_TASK DIRECTIONS_
Pictures stay out of the copy, which must hold exactly the lines from the one containing "Teknologi Medis Terbaru: Operasi" through the end of the material below.

_COLLECTED DATA_
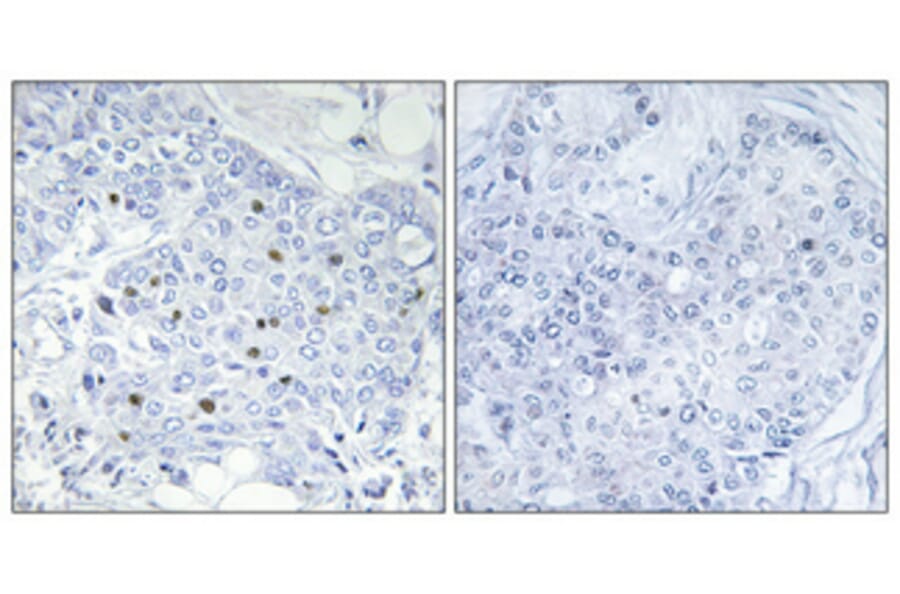 Immunohistochemistry - Anti-BAF250B Antibody (C11373) - Antibodies.com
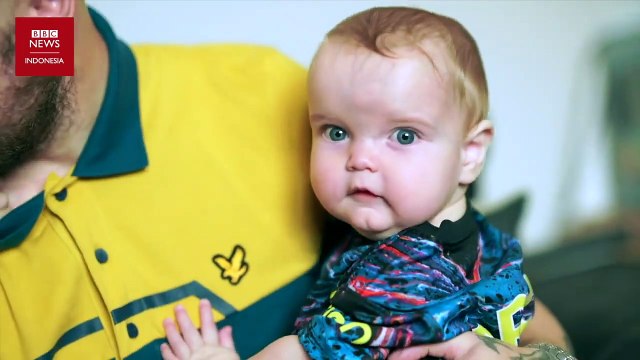 Teknologi Medis Terbaru: Operasi Tulang Tengkorak Bayi dengan Realitas Virtual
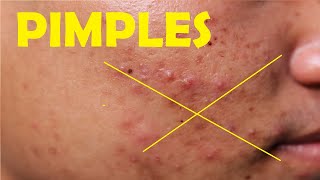 how to get rid of pimples with pus overnight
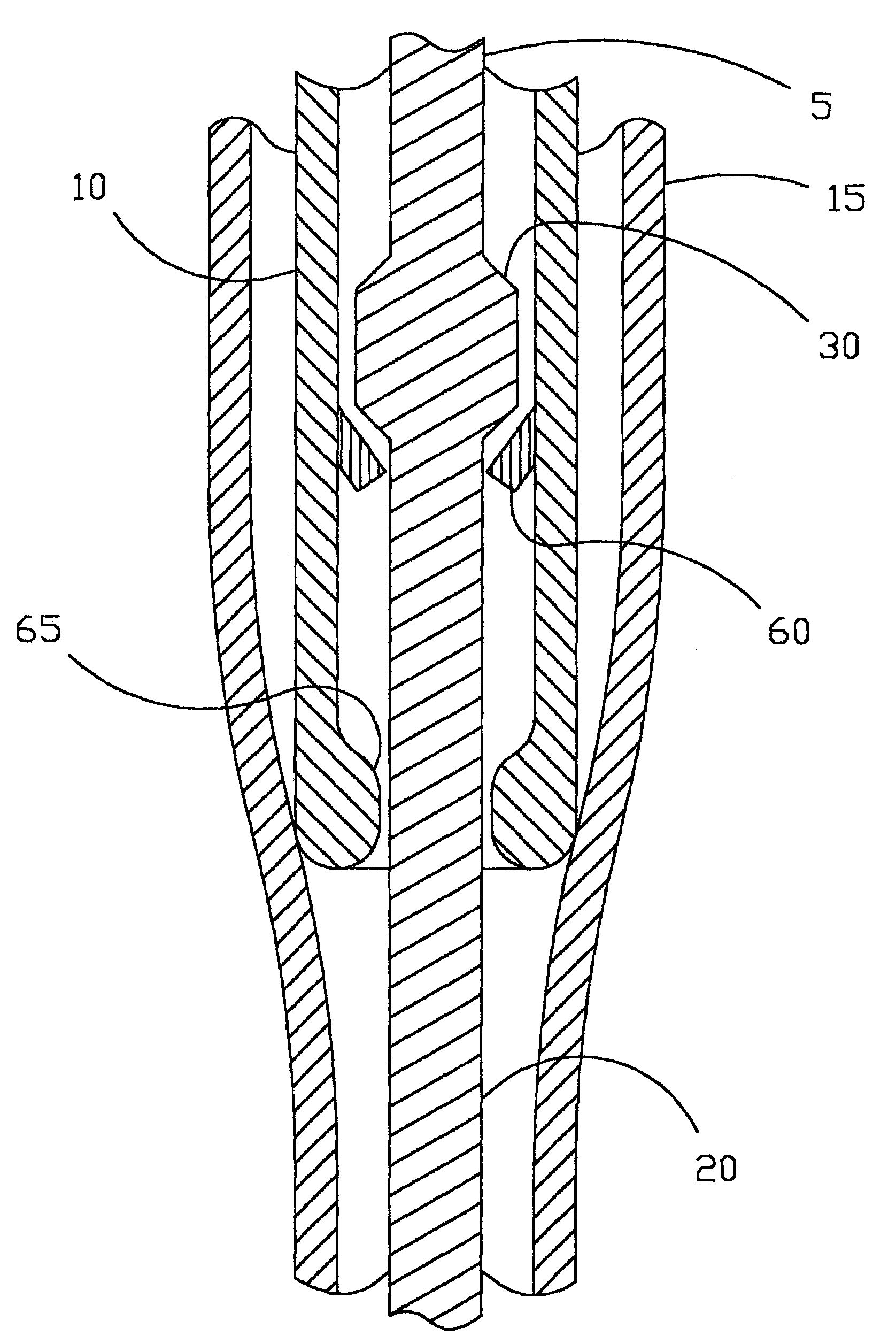 Distal protection and delivery system and method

_ANSWER SECTION_
 Teknologi Medis Terbaru: Operasi Tulang Tengkorak Bayi dengan Realitas Virtual
 how to get rid of pimples with pus overnight
 Distal protection and delivery system and method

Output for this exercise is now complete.